My initial foray into it was auditioning for a cruise ship in Toronto. I landed that and everything snowballed from there. I learned about musical theatre onboard, sort of like a crash course. I didn't grow up with musical theatre. To this day, I haven't seen a lot of them.
First, let's talk Les Mis. You've played three of the most iconic characters in all of musical theatre, even playing Valjean on both sides of the Atlantic Ocean. What was that experience like?

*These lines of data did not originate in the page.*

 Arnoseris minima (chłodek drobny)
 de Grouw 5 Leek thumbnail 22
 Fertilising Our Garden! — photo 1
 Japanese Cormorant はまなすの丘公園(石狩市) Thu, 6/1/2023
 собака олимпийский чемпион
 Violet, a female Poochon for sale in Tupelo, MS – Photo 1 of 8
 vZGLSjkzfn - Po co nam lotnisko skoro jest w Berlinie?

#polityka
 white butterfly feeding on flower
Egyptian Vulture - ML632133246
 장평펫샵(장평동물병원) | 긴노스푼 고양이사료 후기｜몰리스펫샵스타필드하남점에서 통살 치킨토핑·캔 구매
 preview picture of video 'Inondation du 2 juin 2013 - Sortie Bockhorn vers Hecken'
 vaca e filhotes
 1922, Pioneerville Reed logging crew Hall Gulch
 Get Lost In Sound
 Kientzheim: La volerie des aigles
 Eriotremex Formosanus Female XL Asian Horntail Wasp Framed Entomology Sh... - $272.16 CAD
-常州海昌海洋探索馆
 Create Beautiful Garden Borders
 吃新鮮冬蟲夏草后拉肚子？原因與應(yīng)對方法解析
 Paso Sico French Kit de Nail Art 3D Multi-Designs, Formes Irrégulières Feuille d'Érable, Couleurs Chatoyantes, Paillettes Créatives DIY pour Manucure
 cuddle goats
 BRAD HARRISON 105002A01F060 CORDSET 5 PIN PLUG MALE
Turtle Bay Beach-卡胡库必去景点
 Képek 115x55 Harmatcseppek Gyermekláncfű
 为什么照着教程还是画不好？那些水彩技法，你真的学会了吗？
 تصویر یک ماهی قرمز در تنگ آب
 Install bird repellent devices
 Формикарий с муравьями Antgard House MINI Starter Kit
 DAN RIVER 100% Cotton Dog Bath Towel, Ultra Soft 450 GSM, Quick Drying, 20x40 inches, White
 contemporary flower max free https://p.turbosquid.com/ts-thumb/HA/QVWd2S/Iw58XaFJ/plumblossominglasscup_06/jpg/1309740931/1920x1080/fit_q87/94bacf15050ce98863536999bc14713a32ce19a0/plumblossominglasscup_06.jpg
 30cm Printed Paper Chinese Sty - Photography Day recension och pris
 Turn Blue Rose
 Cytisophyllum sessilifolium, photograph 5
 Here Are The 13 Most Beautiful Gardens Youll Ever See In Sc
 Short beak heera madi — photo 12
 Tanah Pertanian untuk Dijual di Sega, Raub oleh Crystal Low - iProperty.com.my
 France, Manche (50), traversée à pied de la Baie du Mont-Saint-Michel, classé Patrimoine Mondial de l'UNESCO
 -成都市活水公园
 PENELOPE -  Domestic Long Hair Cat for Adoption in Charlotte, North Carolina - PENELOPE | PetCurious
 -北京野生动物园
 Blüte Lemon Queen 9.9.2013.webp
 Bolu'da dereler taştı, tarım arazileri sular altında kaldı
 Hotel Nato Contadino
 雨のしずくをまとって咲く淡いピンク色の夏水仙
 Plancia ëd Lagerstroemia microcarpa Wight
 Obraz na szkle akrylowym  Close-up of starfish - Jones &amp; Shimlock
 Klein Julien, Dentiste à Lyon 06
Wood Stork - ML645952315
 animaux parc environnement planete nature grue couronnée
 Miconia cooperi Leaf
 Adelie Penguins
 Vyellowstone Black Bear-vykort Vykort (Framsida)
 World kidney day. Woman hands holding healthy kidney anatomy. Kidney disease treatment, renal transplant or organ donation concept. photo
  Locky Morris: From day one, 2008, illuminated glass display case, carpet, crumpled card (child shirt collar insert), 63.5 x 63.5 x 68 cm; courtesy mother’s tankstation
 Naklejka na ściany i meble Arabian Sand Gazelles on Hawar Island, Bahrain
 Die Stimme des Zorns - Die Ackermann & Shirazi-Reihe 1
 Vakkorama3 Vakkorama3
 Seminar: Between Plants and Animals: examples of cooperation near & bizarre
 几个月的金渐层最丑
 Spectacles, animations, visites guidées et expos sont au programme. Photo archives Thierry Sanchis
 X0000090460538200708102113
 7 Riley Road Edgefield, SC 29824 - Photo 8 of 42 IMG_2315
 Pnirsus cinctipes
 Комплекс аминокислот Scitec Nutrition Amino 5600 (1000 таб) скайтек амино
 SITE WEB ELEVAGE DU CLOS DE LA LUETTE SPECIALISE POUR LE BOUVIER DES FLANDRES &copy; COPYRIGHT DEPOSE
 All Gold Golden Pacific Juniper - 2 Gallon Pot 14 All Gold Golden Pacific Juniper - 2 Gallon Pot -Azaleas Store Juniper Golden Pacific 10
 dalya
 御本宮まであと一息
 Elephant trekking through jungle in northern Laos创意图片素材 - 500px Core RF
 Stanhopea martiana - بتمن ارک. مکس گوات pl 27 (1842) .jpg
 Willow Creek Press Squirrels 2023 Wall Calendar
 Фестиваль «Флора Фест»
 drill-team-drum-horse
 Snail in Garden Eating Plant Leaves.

You know, Les Mis is something I don't think you can ever close a chapter on. It was such a growth for me, as an actor and a man, especially tackling Jean Valjean. It's a part I never wanted to play and I even turned it down three times. Finally Cameron [Mackintosh] sat me down and said, "Do me a favour and play Valjean". I would never expect to hear that from him.
Under such conditions, I was like "Wow, if you have such faith in me, you must see something I don't, so I'll give it a shot!". You know? And I'm so glad he had such faith in me. I'd love to play it again. I had such a blast doing it. To do it not only in New York and London, but to do it back home in Toronto, was such an experience. But I do love the Queen's Theatre; I love the black-box version. It holds a special place in my heart.
You've also played the Phantom in both The Phantom of the Opera and Love Never Dies. Why do you think that character continues to resonate with people?
He's such an underdog of a character but at the end of the day, he is a murderer and a very selfish man - and not actually a very strong man, to do the things he did. It has to be said Christine was quite the victim, especially with Raoul as well. But that's beside the point. The thing is everyone loves the underdog and he's this product of the society he's in. I think people can either empathise or sympathise with him.
There's something about Andrew's music that's so passionate as well. I think, especially with Love Never Dies, there's something so personal for Andrew. When you get that from an artist, you can't help being drawn to it, because it's real.
The real star that brought Hal [Prince] and Andrew's story to life was Maria Bjornson and her sets. They are just genius and breathtaking to watch. Visually, musically, spiritually, that show connects. Similar to Les Mis, it's just the perfect team hitting a home run. And thank God they did!
Last year, you played the role of Gleb in Anastasia. Can you tell us what it was like to get to originate a new role in a show based on such a beloved film?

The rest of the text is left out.